(INPUT MATERIAL Opens)

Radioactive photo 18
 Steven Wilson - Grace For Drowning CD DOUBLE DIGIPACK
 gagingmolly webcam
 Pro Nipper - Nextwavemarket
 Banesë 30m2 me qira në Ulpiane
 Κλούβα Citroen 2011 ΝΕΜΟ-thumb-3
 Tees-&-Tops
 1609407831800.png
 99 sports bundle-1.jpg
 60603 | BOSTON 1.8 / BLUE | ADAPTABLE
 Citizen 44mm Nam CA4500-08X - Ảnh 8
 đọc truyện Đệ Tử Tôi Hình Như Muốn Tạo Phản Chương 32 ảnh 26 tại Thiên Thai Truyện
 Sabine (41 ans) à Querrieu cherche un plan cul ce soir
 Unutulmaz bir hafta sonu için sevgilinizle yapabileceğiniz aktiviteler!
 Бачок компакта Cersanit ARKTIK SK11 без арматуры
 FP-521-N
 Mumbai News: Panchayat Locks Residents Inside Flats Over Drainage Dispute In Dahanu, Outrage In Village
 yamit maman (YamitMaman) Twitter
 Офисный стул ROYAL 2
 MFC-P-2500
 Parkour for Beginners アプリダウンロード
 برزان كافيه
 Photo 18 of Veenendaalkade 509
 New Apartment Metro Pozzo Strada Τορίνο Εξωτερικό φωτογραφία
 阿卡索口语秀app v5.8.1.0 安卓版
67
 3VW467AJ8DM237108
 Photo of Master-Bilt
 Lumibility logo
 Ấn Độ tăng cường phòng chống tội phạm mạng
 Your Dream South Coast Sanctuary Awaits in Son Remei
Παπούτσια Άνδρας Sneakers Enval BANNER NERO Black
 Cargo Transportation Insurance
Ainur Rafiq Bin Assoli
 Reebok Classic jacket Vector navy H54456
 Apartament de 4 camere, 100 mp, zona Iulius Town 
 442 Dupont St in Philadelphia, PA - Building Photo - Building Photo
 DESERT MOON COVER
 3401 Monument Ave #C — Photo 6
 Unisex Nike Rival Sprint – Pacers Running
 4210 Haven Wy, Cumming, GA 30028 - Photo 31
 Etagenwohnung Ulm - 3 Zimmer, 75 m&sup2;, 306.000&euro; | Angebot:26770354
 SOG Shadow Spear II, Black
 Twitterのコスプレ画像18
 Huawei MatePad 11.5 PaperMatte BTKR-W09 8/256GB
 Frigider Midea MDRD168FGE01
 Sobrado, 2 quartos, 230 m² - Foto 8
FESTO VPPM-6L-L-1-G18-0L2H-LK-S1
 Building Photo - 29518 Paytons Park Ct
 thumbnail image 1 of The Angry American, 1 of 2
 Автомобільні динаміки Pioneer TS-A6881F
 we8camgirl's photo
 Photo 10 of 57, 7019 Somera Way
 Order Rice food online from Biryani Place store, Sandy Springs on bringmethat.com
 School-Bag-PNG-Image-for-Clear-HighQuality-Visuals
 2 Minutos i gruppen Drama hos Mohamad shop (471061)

(INPUT MATERIAL Closes)

## THE PROBLEM
However many lines the data holds, return each one exactly.

## ANSWER BOX
Radioactive photo 18
 Steven Wilson - Grace For Drowning CD DOUBLE DIGIPACK
 gagingmolly webcam
 Pro Nipper - Nextwavemarket
 Banesë 30m2 me qira në Ulpiane
 Κλούβα Citroen 2011 ΝΕΜΟ-thumb-3
 Tees-&-Tops
 1609407831800.png
 99 sports bundle-1.jpg
 60603 | BOSTON 1.8 / BLUE | ADAPTABLE
 Citizen 44mm Nam CA4500-08X - Ảnh 8
 đọc truyện Đệ Tử Tôi Hình Như Muốn Tạo Phản Chương 32 ảnh 26 tại Thiên Thai Truyện
 Sabine (41 ans) à Querrieu cherche un plan cul ce soir
 Unutulmaz bir hafta sonu için sevgilinizle yapabileceğiniz aktiviteler!
 Бачок компакта Cersanit ARKTIK SK11 без арматуры
 FP-521-N
 Mumbai News: Panchayat Locks Residents Inside Flats Over Drainage Dispute In Dahanu, Outrage In Village
 yamit maman (YamitMaman) Twitter
 Офисный стул ROYAL 2
 MFC-P-2500
 Parkour for Beginners アプリダウンロード
 برزان كافيه
 Photo 18 of Veenendaalkade 509
 New Apartment Metro Pozzo Strada Τορίνο Εξωτερικό φωτογραφία
 阿卡索口语秀app v5.8.1.0 安卓版
67
 3VW467AJ8DM237108
 Photo of Master-Bilt
 Lumibility logo
 Ấn Độ tăng cường phòng chống tội phạm mạng
 Your Dream South Coast Sanctuary Awaits in Son Remei
Παπούτσια Άνδρας Sneakers Enval BANNER NERO Black
 Cargo Transportation Insurance
Ainur Rafiq Bin Assoli
 Reebok Classic jacket Vector navy H54456
 Apartament de 4 camere, 100 mp, zona Iulius Town 
 442 Dupont St in Philadelphia, PA - Building Photo - Building Photo
 DESERT MOON COVER
 3401 Monument Ave #C — Photo 6
 Unisex Nike Rival Sprint – Pacers Running
 4210 Haven Wy, Cumming, GA 30028 - Photo 31
 Etagenwohnung Ulm - 3 Zimmer, 75 m&sup2;, 306.000&euro; | Angebot:26770354
 SOG Shadow Spear II, Black
 Twitterのコスプレ画像18
 Huawei MatePad 11.5 PaperMatte BTKR-W09 8/256GB
 Frigider Midea MDRD168FGE01
 Sobrado, 2 quartos, 230 m² - Foto 8
FESTO VPPM-6L-L-1-G18-0L2H-LK-S1
 Building Photo - 29518 Paytons Park Ct
 thumbnail image 1 of The Angry American, 1 of 2
 Автомобільні динаміки Pioneer TS-A6881F
 we8camgirl's photo
 Photo 10 of 57, 7019 Somera Way
 Order Rice food online from Biryani Place store, Sandy Springs on bringmethat.com
 School-Bag-PNG-Image-for-Clear-HighQuality-Visuals
 2 Minutos i gruppen Drama hos Mohamad shop (471061)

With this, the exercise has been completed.